Entscheidungsstichwort (Thema)

Kaufmännische Angestellte in leitender Stellung mit Aufsichts- und Dispositionsbefugnis. mit eingeschränkter Dispositionsbefugnis. leitende Angestellte iS des BetrVG. Vergleichseinkommen zur Berechnung des Berufsschadensausgleichs

 

Orientierungssatz

1. Selbst bei den Angestelltenpositionen mit überdurchschnittlichen Bruttoverdiensten ist das Durchschnittseinkommen der Leistungsgruppe II iS der gesetzlichen Lohnstatistik als Vergleichseinkommen zugrunde zu legen, wenn dem Stelleninhaber im Einzelfall nur eingeschränkte Dispositionsbefugnis zusteht. Das höchste Vergleichseinkommen bleibt den Ausnahmefällen vorbehalten, in denen eine weitestgehende Dispositionsbefugnis nicht nur nach den Voraussetzungen anderer Gesetze (zB § 5 Abs 3 Nr 1 bis 3 BetrVG) ohne weiteres unterstellt wird, sondern in denen die Ausstattung der Position mit weitestgehender Aufsichts- und Dispositionsbefugnis einzeln nachgewiesen ist.
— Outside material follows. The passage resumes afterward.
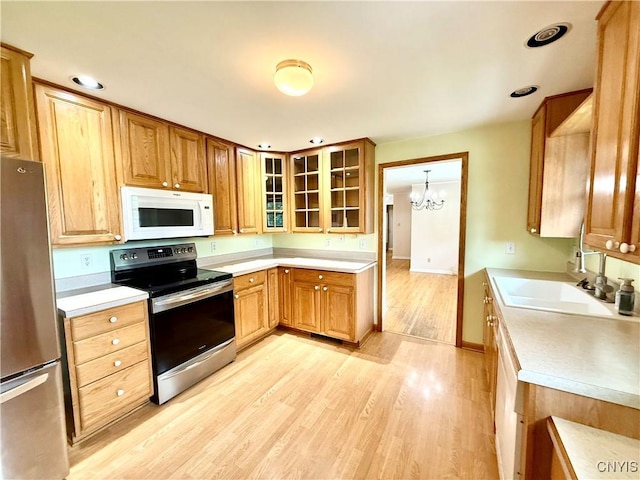 4062 Port St, Richland, NY 13142 - kitchen featuring stainless steel appliances, a sink, light wood-style flooring, a chandelier, and light countertops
2. Mit dem Statistischen Bundesamt ist für die Angestellten-Leistungsgruppe I davon auszugehen, daß kaufmännische und technische Angestellte, "die nach dem Betriebsverfassungsgesetz nicht für den Betriebsrat wählbar sind (§ 5 Abs 3 BetrVG), deren Arbeitsbedingungen außertariflich geregelt werden und deren Gehalt über der höchsten Gehaltsgruppe des für sie in Frage kommenden Tarifvertrages liegt", in den meisten Fällen tatsächlich weitestgehende Aufsichts- und Dispositionsbefugnis haben.
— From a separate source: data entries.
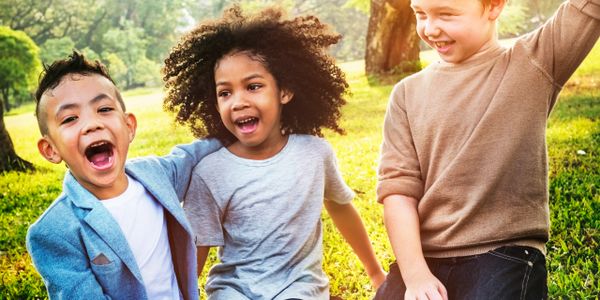 Three children joyfully playing outdoors on a sunny day.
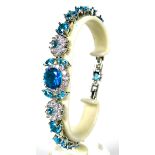 925 Silver Tennis Bracelet, 8 inches with detachable extension. Set with Synthetic Opal & Topaz.   a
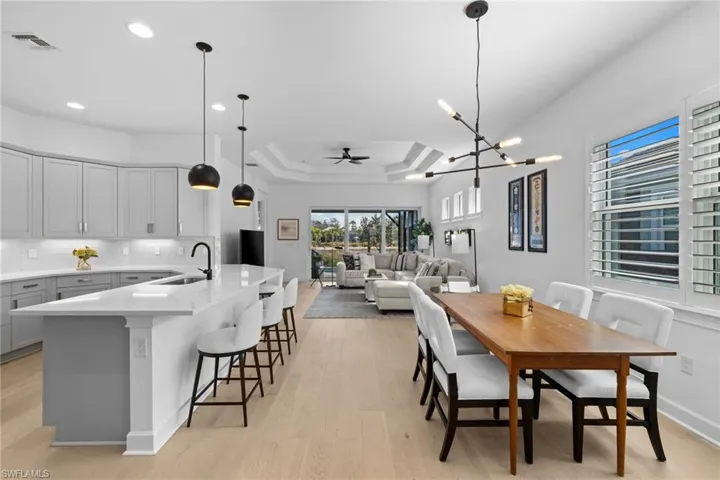 Dining space with a ceiling fan, a tray ceiling, light wood-type flooring, and hanging lights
3. Es gibt keinen Anhaltspunkt dafür, daß sich die ermittelten durchschnittlichen Bruttoverdienste in der Angestellten-Leistungsgruppe II durch die neue statistische Praxis wesentlich weniger stark erhöht haben. Ebensowenig gibt es Anhaltspunkte für eine wesentliche Änderung der Unternehmensstruktur in der privaten Wirtschaft in der Weise, daß viele höchstqualifizierte und höchstbezahlte Angestellte nicht mehr zugleich eine leitende Stellung mit weitestgehender Aufsichts- und Dispositionsbefugnis haben.

 

Normenkette

BetrVG § 5 Abs 3; BSchAV § 3 Abs 1 S 2 Nr 4; BSchAV § 3 Abs 4; BSchAV § 3 Abs 1 S 1; BSchAV § 3 Abs 1 S 5; BVG § 30 Abs 5 S 8; BVG § 30 Abs 3; BVG § 30 Abs 4

 

Verfahrensgang

LSG Nordrhein-Westfalen (Entscheidung vom 19.07.1984; Aktenzeichen L 7 V 194/83)
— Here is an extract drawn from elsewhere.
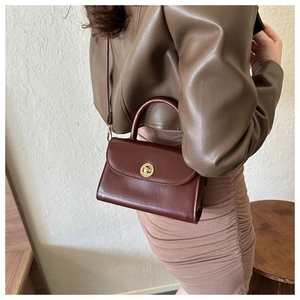 Close-up of a vintage brown leather crossbody bag with a golden metal twist lock detail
SG Münster (Entscheidung vom 01.12.1983; Aktenzeichen S 9 V 93/82)

 

Tatbestand

Der Kläger begehrt höheren Berufsschadensausgleich durch einen Zugunstenbescheid.

Er erhält die Grundrente bei Erwerbsunfähigkeit (§ 31 Abs 1 Bundesversorgungsgesetz -BVG-).

Nach dem Besuch der Volksschule erlernte er von 1935 bis 1938 in einer Eisenwarenhandlung den Beruf eines Kaufmannes (Kaufmannsgehilfenbrief vom 28. Februar 1939). Seit Beginn des Jahres 1956 wurde er von der Firma Q. GmbH in F. als Büroangestellter in der Werksverwaltung ihres Zweigwerkes H. beschäftigt. Von 1968 bis zum 29. Februar 1976 nahm er dort die Stellung und Aufgaben eines Abteilungsleiters der Zweigwerksverwaltung wahr. Nach dem Eintritt seiner Erwerbsunfähigkeit im Sinne der gesetzlichen Rentenversicherung (Versicherungsfall 11.08.1975) mußte er aus dem Erwerbsleben ausscheiden.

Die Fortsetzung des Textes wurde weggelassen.